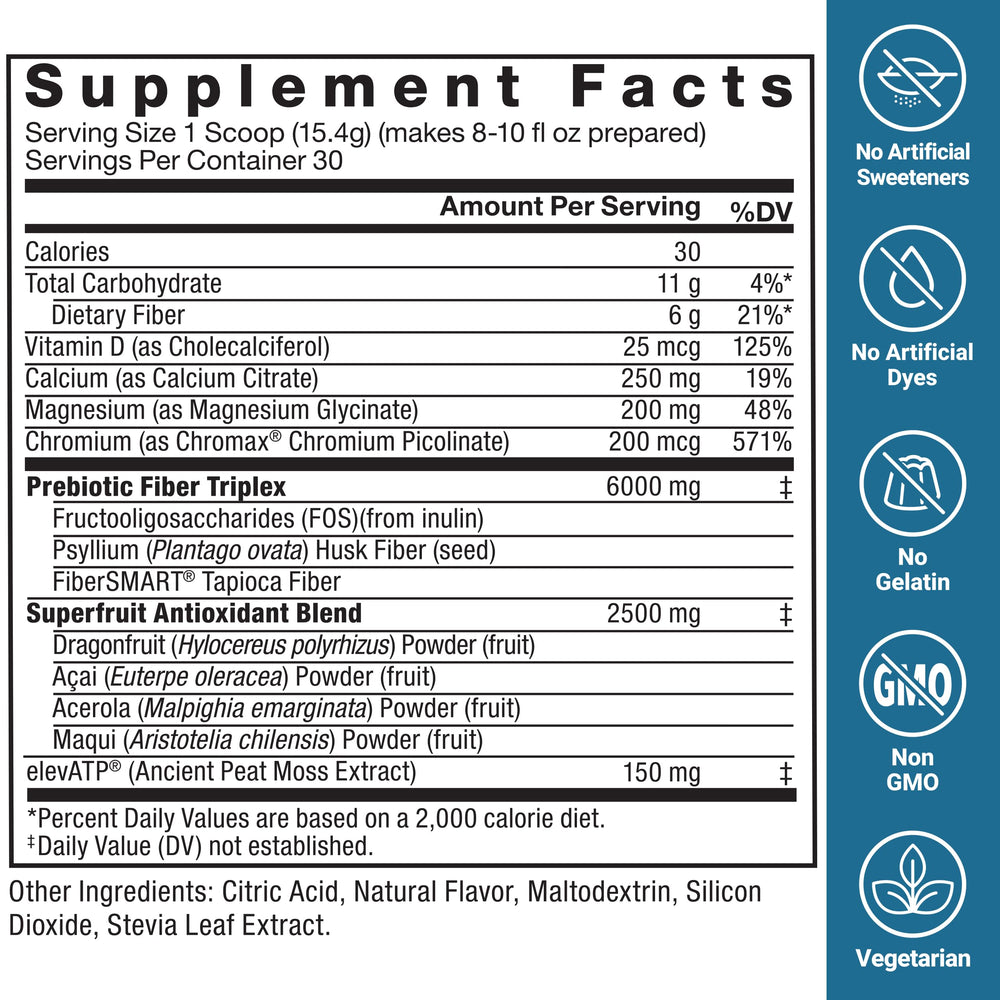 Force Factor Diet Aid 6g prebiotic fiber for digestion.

...

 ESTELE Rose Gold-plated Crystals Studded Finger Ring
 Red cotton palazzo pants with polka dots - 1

**Work instructions**
All lines in the listing above from the line containing "ESTELE Rose Gold-plated" to the line containing "Red cotton palazzo pants with polka dots - 1", inclusive, should be retyped exactly; no other lines should appear.

**Reply**
 ESTELE Rose Gold-plated Crystals Studded Finger Ring
 Red cotton palazzo pants with polka dots - 1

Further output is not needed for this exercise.